__Data extract__
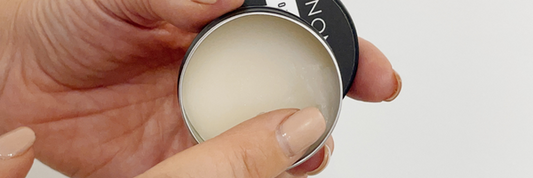 Finger applying solid body scent perfume balm from a black tin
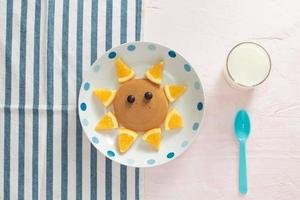 Funny pancakes with orange for kids breakfast photo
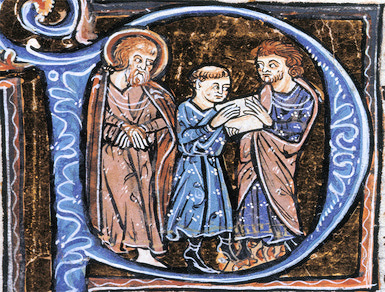 Three men standing together. The one in the center is handing a letter to the one on his left.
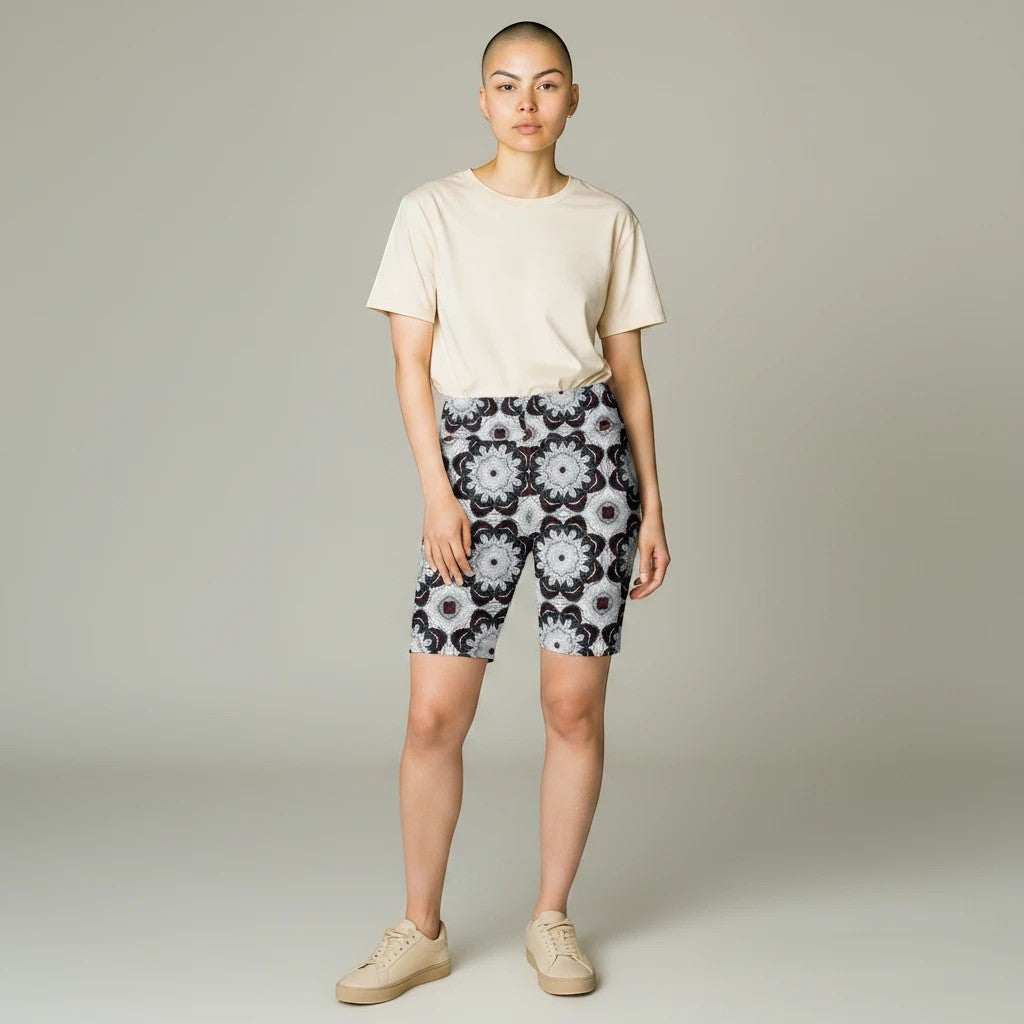 Model wearing Sea Dragon Dreams black and white patterned workout shorts with a beige t-shirt and sneakers.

__Activity__
Reproduce the whole listing above word for word, dropping each image.

__Reply to the exercise__
 Finger applying solid body scent perfume balm from a black tin
 Funny pancakes with orange for kids breakfast photo
 Three men standing together. The one in the center is handing a letter to the one on his left.
 Model wearing Sea Dragon Dreams black and white patterned workout shorts with a beige t-shirt and sneakers.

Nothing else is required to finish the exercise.